Rules around IoT play catchup with rapidly evolving technology

March 13, 2015

Regulations governing the internet of things (IoT) are undergoing changes with great frequency to keep up with the breakneck pace of this technology. Hence, legal systems are finding it increasingly challenging to play catchup with the rapid evolution of this technology and the millions of devices connected to it. Affected by transient loopholes, consumers sometimes feel that they lack control on how their data is being shared or used. So much personal information is being collected on finances, mental health, political leanings and other sensitive subjects. But, don’t worry, we have some tips on how you can not only deal better with this change, but indeed, embrace it and live it.


Embrace the future

During this era of change centred around the internet of things, ideas differ as to what should be done with collected data while those who gather it should make sure that such sensitive information is not spread here and there across the web. Individuals who have studied legal issues around the internet of things agree that countless benefits attached to this emerging technology will also usher in change in a way that there will be no stopping. All of us should learn to go ahead with the change that this technology is bringing to our lives, and embrace the future, which appears to be full of exciting possibilities.

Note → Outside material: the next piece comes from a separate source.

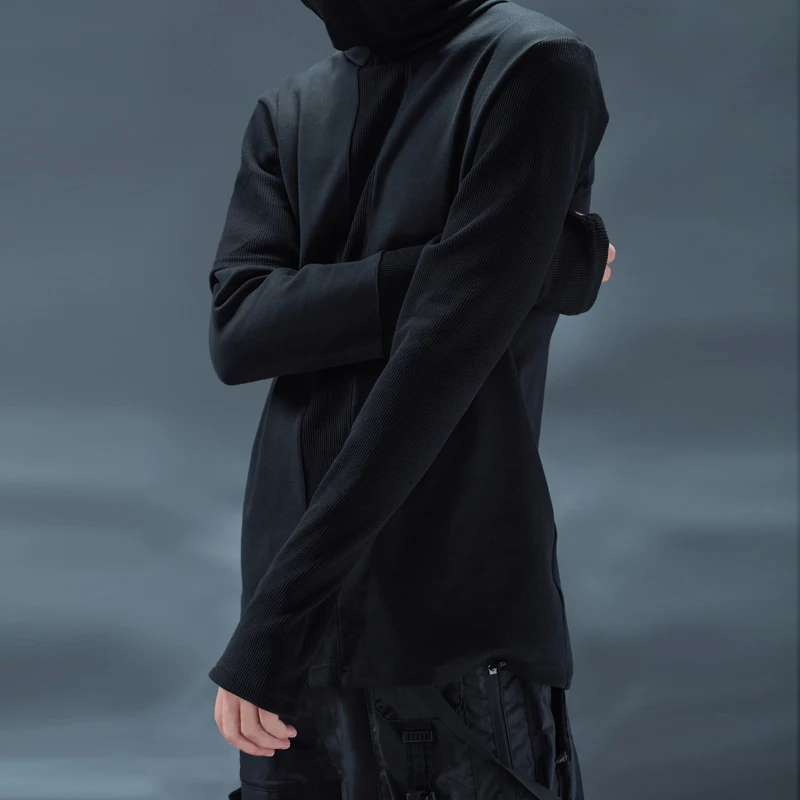 REINDEE LUSION 19AW DECONSTRUCTION HIGH COLLAR T BLACK cyberpunk techwear dark wear long sleeve T-shirt ninja wear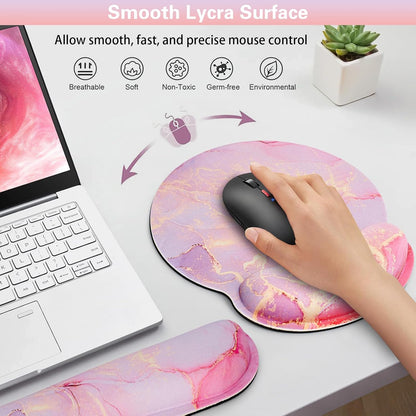 Mouse Pad with Wrist Rest Set, Qomolama 3-in-1 Wrist Support Mouse Pad Set, Floral Gaming Mousepad with Anti-Skid Base,Ergonomic Mouse Pad,Memory Foam Keyboard Gel Wrists Rest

Too early to implement regulations

Roger Atkinson, who is serving as the President of a non-profit information technology and innovation foundation partly financed by Google and Cisco systems, believes that due to incentives, gadget makers share a relationship of trust with the consumers, and must ensure that their data is protected at all costs. Accordingly, he believes that the industry should regulate itself as it is simply too early for new rules to get settled into the ever-evolving groove of the internet of things. Thus, keeping track of what is happening, while letting things roll and gather momentum, is a must.

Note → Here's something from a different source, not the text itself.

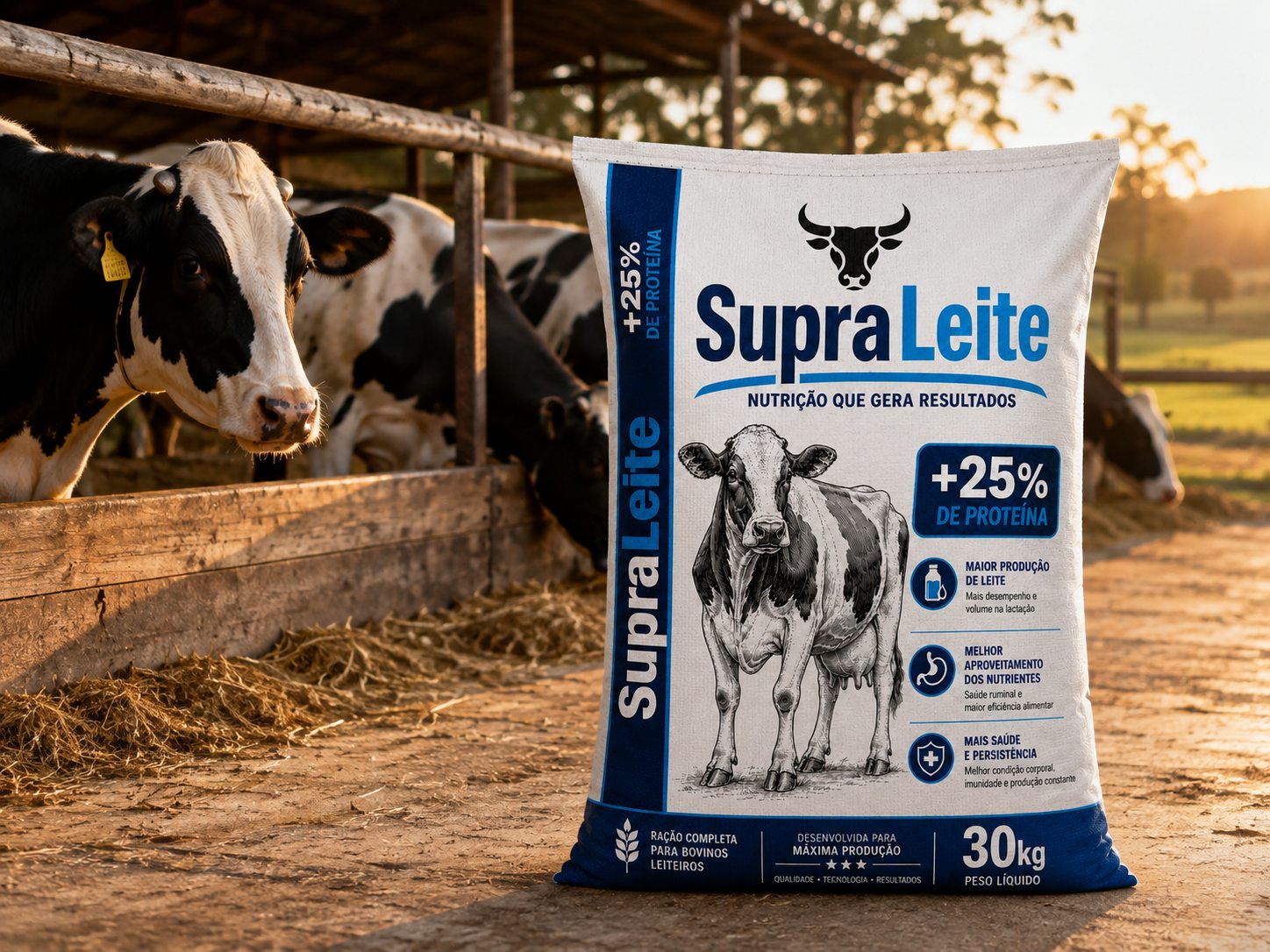 Saco de SupraLeite 30 kg no estábulo, com vacas holandesas ao fundo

Lively Technology to benefit the elderly

While technologies like Lively are starting to get increasingly adopted in the US, two senior citizens have had their home outfitted with sensors made by the company. Their son receives notifications on whether they have opened their pill boxes or the refrigerator door in order to indicate if they are taking their medications or eating regularly. Their son also stated that he is confident that the corporation will not misuse the gathered information. The good thing about Lively is that it offers a privacy policy that gives users the opportunity to consent before sharing data. Only after the corporation has stripped off identifiable details on the consumer, does the consumer rightfully believe that it is logical and reasonable to let these corporation have access to their data.

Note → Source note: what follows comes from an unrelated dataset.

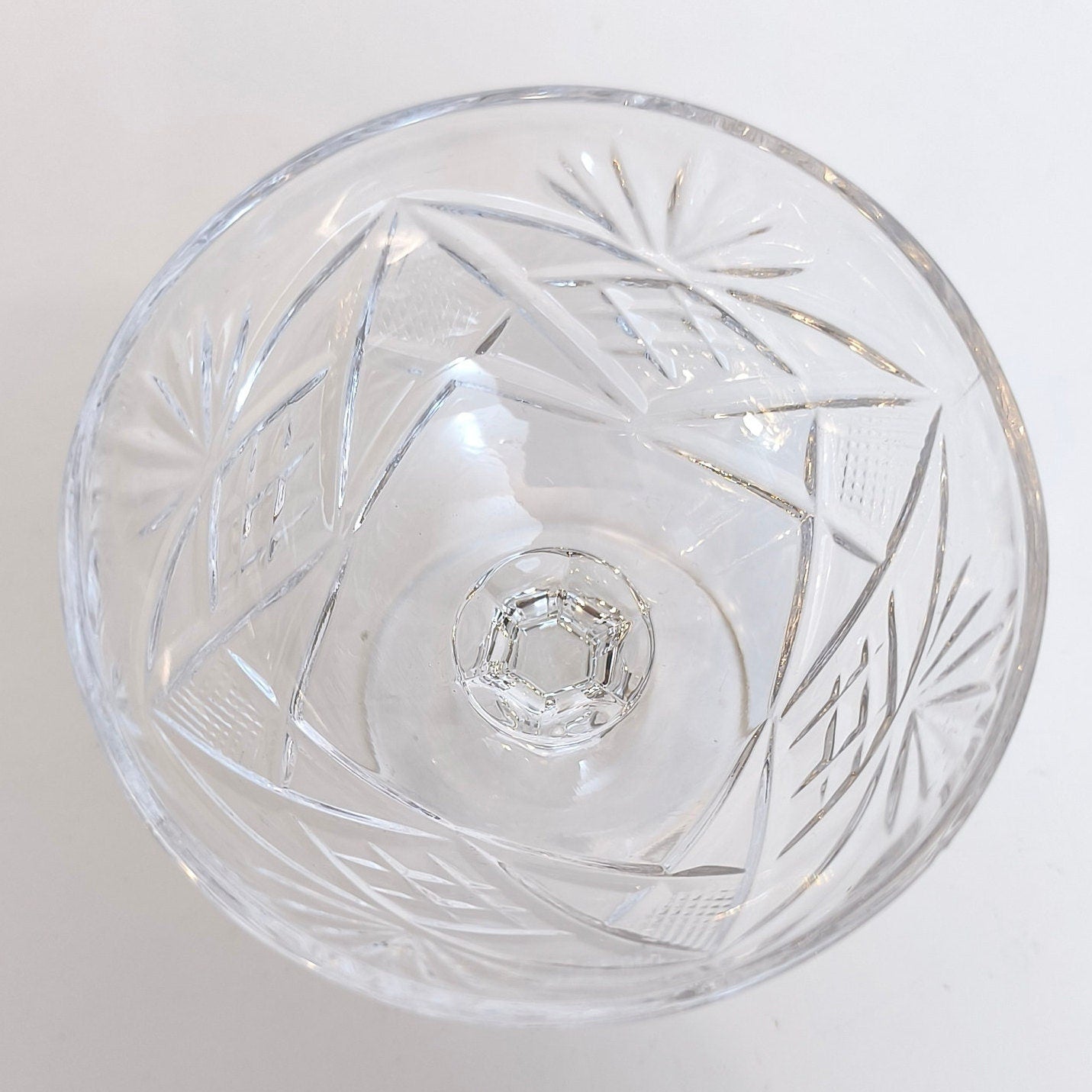 Set of 4 Sparkling Wine Glasses. Vintage Ice Cream Cups. Pressed Glass Crystal Dessert Cups, Made in Soviet Union, 1970s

Federal Trade Commission protecting US consumers

According to Jessica Rich, head of the consumer protection bureau of the Federal Trade Commission (FTC) of the US, their priority in the case of the IoT is data-gathering technology. The FTC believes that promulgating and implementing new laws to govern the IoT would be premature as this technology is still evolving and finding its place among consumers and rule makers. On a final note, for IoT to truly take-off, consumers should be well-versed with steps to follow to stay in tune with what is happening with sensitive information shared with service providers, while data gatherers should respect the relationship of trust they have with consumers.